Akşamları Neredeydim?

Chinka Beach&Snack Bar: Gündoğan sahilde akşamları oturup muhabbet edebileceğiniz sakin bir mekan. Birer kadeh şarapla dalgaların sesini dinlerken yıldızlara da benden selam söylemeyi unutmayın.

Balıkçılar Kahvesi: Gündoğan sahilde balık restoranlarının bulunduğu kısımda yer alan Balıkçılar Kahvesi, çay ve deniz ikilisini sevenlere gelsin. Hem de yelkenlilere baka baka.

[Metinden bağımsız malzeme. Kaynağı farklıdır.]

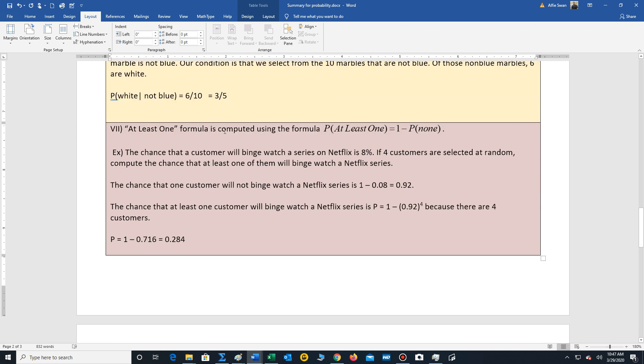We also have what's called the at least one formula. So just remember, at least one, whenever we see that phrase, it's always 1 minus the probability of none. So let's look at a problem. So the chance that a customer will binge watch a series on Netflix is 8%. These days, people probably do a lot of binge watching. So if four customers are selected at random, compute the chance that at least one of them will binge watch a Netflix series.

Sail Loft: Gündüz beach ve su sporları merkezi olan Sail Loft, akşamları da içki içip sohbet edebileceğiniz bir mekan halini alıyor.

Ne Aldım?

Kolye 10, bilezikler 5 TL
Gündoğan otogarın karşısında bulunan Nazar Shop’tan 3 tanesi 10 TL’ye magnet almış olsam da siz sahil yolundaki ufak tezgahlardan tanesi 2 TL’ye magnet alabilir, benim gibi kazıklanmayabilirsiniz:)
Havludan daha kullanışlı olan peştemalleri Gündoğan’daki ufak tezgahlarda uygun fiyatlara alabiliyorsunuz. Fiyatları 10 ile 25 TL arasında değişiyor.